INSTRUCTIONS FOR THE TASK:
Since only part of the material below is wanted, output exactly the lines from the one with "Flying food with" up to and including the one with "Una entrada cerrada".

DATA EXTRACT:
---+---

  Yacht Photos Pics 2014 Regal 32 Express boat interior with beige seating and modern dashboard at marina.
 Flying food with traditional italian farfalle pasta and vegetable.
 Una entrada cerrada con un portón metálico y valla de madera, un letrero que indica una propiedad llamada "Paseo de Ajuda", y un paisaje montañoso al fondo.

---+---

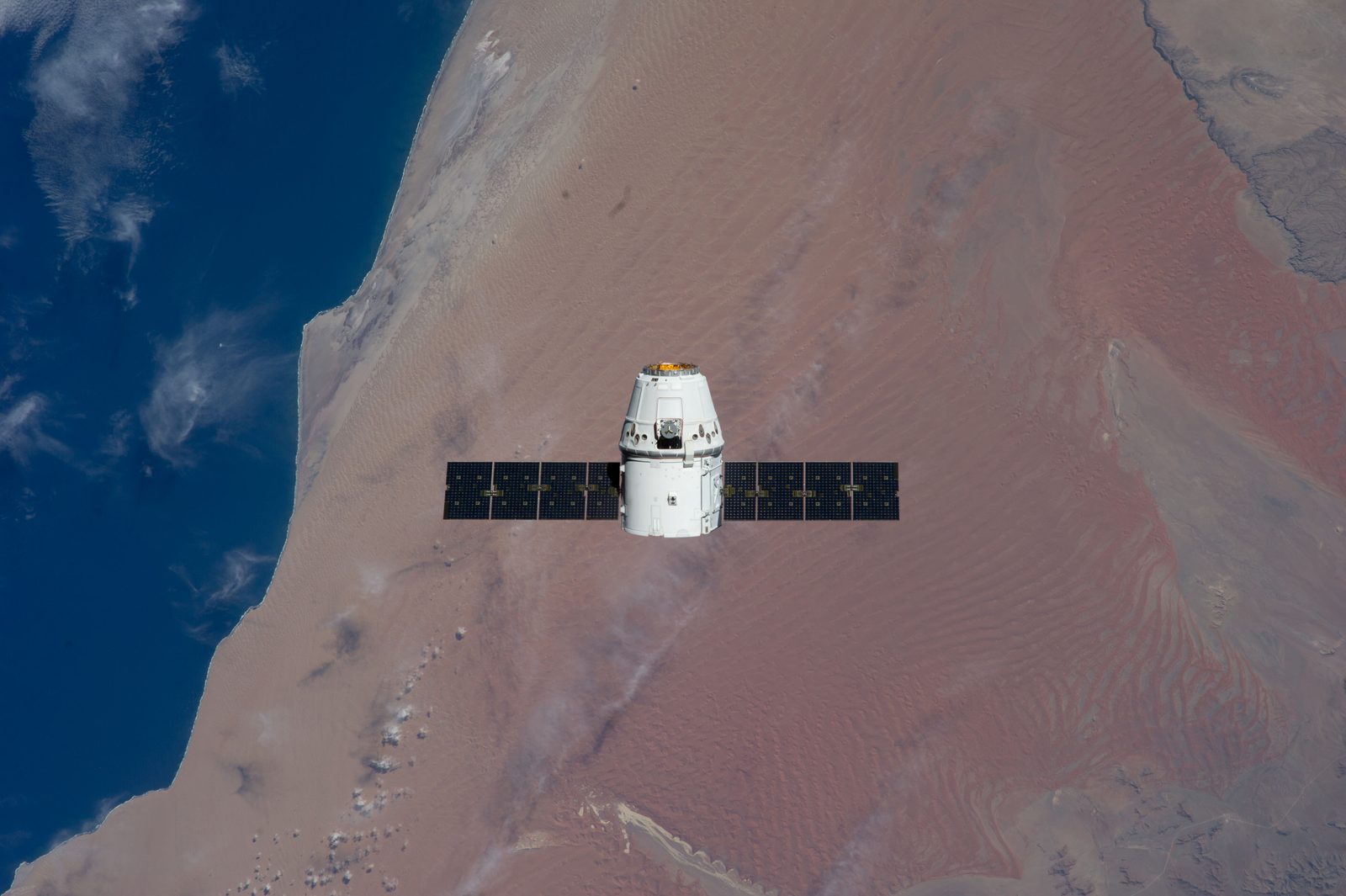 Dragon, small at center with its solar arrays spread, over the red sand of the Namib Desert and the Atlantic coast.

---+---

OUTPUT OF THE EXERCISE:
 Flying food with traditional italian farfalle pasta and vegetable.
 Una entrada cerrada con un portón metálico y valla de madera, un letrero que indica una propiedad llamada "Paseo de Ajuda", y un paisaje montañoso al fondo.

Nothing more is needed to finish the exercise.